À Montreux, Israéliens et Palestiniens prônent un retour aux négociations secrètes

25.11.15

8E ÉDITION DE LA WPC

L’une des sessions plénières tenues dans le cadre de la 8e édition sur la gouvernance mondiale organisée par la World Policy Conference à Montreux a porté sur un face-à-face, d’un grand intérêt, entre l’ambassadeur palestinien à Londres, Manuel Hassassian, et l’ancien négociateur israélien et actuel président de l’Institut d’Israël, Itamar Rabinovich.
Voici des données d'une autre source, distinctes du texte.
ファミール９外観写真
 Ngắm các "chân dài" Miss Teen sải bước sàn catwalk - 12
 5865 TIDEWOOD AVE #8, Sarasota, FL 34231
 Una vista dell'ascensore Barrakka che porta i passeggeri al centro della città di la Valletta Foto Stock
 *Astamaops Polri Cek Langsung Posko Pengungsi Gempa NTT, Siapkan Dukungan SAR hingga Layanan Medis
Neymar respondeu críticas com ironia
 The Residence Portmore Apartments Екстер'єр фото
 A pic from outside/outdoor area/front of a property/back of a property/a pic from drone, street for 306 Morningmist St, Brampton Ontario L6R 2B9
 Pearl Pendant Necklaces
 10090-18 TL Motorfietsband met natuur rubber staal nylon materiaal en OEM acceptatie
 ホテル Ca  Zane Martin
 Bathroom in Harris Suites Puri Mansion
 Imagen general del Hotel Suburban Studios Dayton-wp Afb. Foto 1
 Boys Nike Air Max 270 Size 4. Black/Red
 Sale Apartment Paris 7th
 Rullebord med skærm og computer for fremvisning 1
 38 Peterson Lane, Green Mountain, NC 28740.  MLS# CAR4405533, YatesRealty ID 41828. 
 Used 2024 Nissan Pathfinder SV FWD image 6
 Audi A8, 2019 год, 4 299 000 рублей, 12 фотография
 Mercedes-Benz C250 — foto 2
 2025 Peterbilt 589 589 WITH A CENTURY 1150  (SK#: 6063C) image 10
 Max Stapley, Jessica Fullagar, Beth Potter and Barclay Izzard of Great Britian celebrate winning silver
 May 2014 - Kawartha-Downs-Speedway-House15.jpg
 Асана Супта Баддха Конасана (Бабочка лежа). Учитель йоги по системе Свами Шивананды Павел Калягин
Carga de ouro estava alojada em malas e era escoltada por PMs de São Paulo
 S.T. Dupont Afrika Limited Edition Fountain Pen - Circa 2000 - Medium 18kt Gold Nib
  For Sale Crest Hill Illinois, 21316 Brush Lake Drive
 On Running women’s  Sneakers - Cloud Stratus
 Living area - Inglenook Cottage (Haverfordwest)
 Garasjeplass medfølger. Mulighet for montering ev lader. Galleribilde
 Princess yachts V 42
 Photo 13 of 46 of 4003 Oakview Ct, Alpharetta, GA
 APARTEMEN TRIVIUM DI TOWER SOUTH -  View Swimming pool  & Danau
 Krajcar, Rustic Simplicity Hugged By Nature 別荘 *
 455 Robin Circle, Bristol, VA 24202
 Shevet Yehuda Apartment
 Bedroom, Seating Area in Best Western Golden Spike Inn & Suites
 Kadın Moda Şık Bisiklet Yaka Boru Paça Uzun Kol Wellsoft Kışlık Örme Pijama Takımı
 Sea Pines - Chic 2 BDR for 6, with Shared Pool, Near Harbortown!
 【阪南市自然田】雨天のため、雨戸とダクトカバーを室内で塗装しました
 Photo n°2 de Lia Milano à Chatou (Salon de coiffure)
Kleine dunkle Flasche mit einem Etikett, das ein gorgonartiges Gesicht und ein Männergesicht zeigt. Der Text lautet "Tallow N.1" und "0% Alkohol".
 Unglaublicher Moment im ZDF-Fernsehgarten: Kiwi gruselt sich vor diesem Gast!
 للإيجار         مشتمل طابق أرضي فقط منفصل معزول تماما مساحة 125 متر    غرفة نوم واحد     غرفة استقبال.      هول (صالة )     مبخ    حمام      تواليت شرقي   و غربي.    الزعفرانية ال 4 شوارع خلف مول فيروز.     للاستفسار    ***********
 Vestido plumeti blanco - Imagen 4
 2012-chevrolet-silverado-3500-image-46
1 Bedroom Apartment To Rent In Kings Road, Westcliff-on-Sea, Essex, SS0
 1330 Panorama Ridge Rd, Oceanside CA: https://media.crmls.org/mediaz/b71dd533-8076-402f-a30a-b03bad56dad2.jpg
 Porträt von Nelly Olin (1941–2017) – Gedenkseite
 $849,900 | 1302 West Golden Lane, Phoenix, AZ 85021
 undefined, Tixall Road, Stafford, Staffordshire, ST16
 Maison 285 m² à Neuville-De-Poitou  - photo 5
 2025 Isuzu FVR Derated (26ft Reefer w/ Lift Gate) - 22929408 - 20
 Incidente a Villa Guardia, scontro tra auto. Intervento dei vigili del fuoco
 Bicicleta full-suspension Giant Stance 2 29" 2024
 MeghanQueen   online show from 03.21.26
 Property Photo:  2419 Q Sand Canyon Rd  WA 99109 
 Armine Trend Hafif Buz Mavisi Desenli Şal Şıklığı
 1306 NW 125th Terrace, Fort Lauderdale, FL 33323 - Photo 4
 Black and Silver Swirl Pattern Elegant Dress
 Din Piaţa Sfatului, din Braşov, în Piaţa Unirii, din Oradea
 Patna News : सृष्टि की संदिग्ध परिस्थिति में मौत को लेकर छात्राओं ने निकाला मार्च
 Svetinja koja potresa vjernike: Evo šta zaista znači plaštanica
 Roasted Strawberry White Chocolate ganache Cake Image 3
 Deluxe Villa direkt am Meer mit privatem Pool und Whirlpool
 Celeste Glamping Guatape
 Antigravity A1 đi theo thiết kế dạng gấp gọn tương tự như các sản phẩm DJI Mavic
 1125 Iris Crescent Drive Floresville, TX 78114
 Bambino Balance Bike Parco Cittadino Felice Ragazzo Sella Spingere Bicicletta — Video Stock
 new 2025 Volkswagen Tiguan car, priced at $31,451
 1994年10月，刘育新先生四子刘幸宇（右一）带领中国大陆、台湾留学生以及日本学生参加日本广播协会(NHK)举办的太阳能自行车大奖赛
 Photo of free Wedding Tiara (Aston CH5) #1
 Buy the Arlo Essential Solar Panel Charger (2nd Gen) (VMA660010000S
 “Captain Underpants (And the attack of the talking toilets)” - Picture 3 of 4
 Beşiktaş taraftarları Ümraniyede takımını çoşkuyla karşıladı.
Michel TOUMA (à MONTREUX) | OLJ

La question palestinienne a constamment été considérée par nombre d’analystes et de responsables politiques arabes comme étant l’un des détonateurs des crises qui ont secoué, et qui continuent de secouer, plusieurs pays de la région. Elle a été, en tout cas, le principal catalyseur de la déstabilisation du Liban dès la fin des années 60 et du déclenchement de la guerre libanaise, en 1975. Elle est aujourd’hui quelque peu éclipsée par l’expansion du terrorisme jihadiste dans le monde. Conscients de la nécessité d’éviter qu’elle ne tombe dans l’oubli, les organisateurs de la 8e édition de la World Policy Conference, qui s’est tenue à Montreux, en Suisse (voir L’Orient-Le Jour des 21 et 24 novembre), lui ont consacré une session plénière sous forme de face-à-face entre l’ambassadeur de Palestine à Londres, Manuel Hassassian, et l’ancien ambassadeur et négociateur israélien avec la Syrie et président en exercice de l’Institut d’Israël, Itamar Rabinovich.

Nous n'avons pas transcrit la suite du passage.